Ibérica
- Editor-in-chief: Ricardo Cirera (1914–1917); Josep Albiñana (1917–1922); Andrés F. Linari (1922–1936); Ignacio Puig (1945–1961); Pascual Bolufer (1962–2004);
- Categories: Popular science magazine
- Frequency: Biweekly (1914–1936); Weekly (1945–1962); Monthly (1962–2004);
- Founder: Society of Jesus
- Founded: 1914
- First issue: January 11914
- Final issue: November–December 2004
- Country: Spain
- Based in: Barcelona
- Language: Spanish
- ISSN: 0211-0776

= Ibérica (magazine) =

Popular science magazine in Spain (1914–2004)

Ibérica was a popular science magazine which was based in Barcelona, Spain, between 1914 and 2004 with some interruptions. Its subtitle was changed throughout its existence, and one of them was El progreso de las Ciencias y de sus aplicaciones. Revista Semanal (Spanish: The progress of sciences and their applications. Weekly magazine). The magazine was one of the most significant periodicals in the pre-civil war period.

==History and profile==
Ibérica was established in 1914 as a biweekly magazine, and its first issue appeared in January that year. Its founders were the members of the Society of Jesus who were working at the Ebro Observatory. They were led by Ricardo Cirera who was also the founder of the observatory. The title of the magazine was a reference to the Ebro river near the observatory based in Roquetes, Tarragona.

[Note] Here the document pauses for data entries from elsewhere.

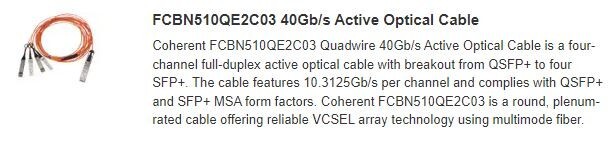 Coherent Finisar 4x10Gb/s QSFP-4xSFP+ 3m Breakout Active Optical Cable (AOC)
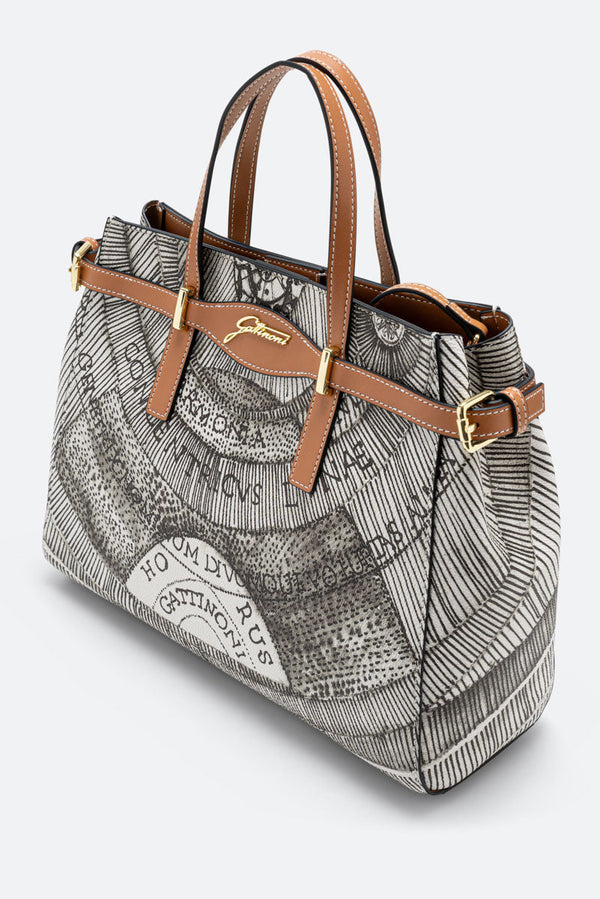 Planetarium Ink Sepia Small Handbag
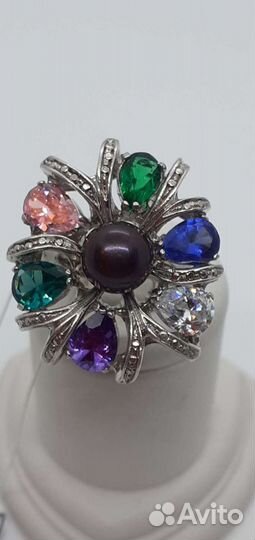 Серебрянок кольцо ручной работы с фианитами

Ibérica aimed at making scientific and technological knowledge much more familiar among laymen and fostering scientific progress. First it was published in the printing facilities at the observatory. Then a publishing house based in Tortosa, Imprenta Moderna de Algueró y Baiges, became its publisher. Ricardo Cirera edited the magazine until 1917 when he was replaced by Josep Albiñana in the post. Following the death of Josep Albiñana in 1922 the Argentinian Jesuit Andrés F. Linari was appointed editor-in-chief of Ibérica. Under Linari's editorship the magazine's headquarters was moved to Barcelona in 1925.

Ibérica provided scientific articles accompanied with the good quality illustrations. Its contributors were both Jesuits and non-Jesuits. From its start in 1914 to 1925 the magazine had the following sections: scientific chronicle covering news on inventions and new applications, scientific bulletin dealing with the scientific theories and bibliographical section containing book reviews. The frequent topics featured in the main section included the devices used at the observatory, including refracting telescope, seismology, and electrotechnics. The magazine sold 10,000 copies in the mid-1920s. It folded at the beginning of the civil war on 11 July 1936.

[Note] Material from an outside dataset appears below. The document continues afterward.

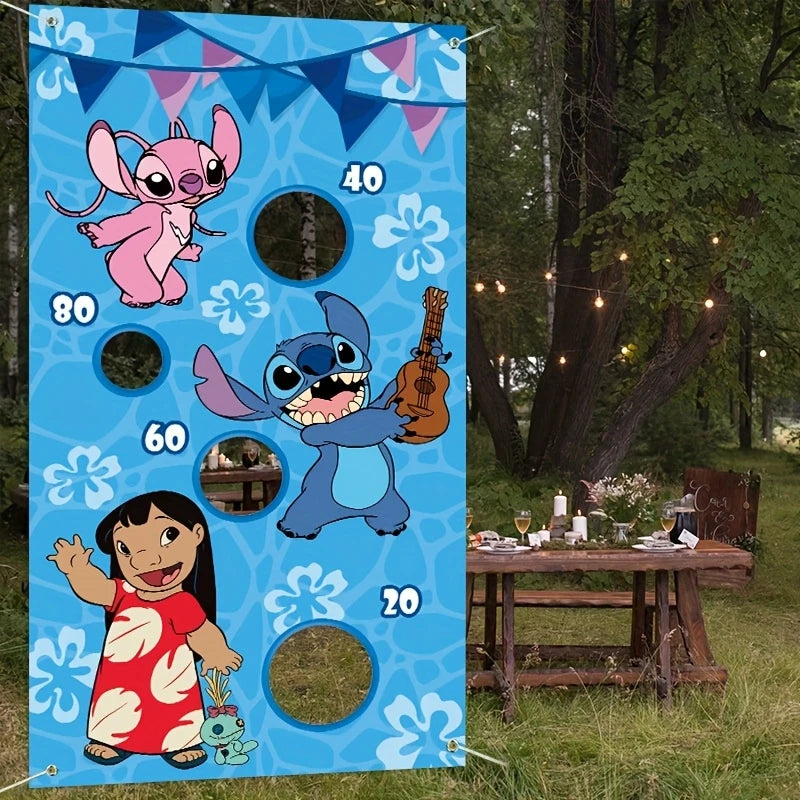 Stitch themed sandbag toss game banner with 3 sandbags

Ibérica was restarted following the end of World War II in 1945 and appeared until December 2004. Ignacio Puig was its editor-in-chief from 1945 to 1961. Its major contributors were those working at different observatories in Spain and abroad and scientists, including Miquel Crusafont, Ignasi Sala de Castellarnau, and Ramon Margalef. Common topics covered in the magazine were semiconductors, transistors and televisions.

In 1962 Pascual Bolufer was appointed director of the magazine. Under his editorship the subtitle of the magazine was redesigned as Actualidad científica (Spanish: Latest scientific developments). It was published on a weekly basis between 1945 and 1962, but later its frequency was switched to monthly.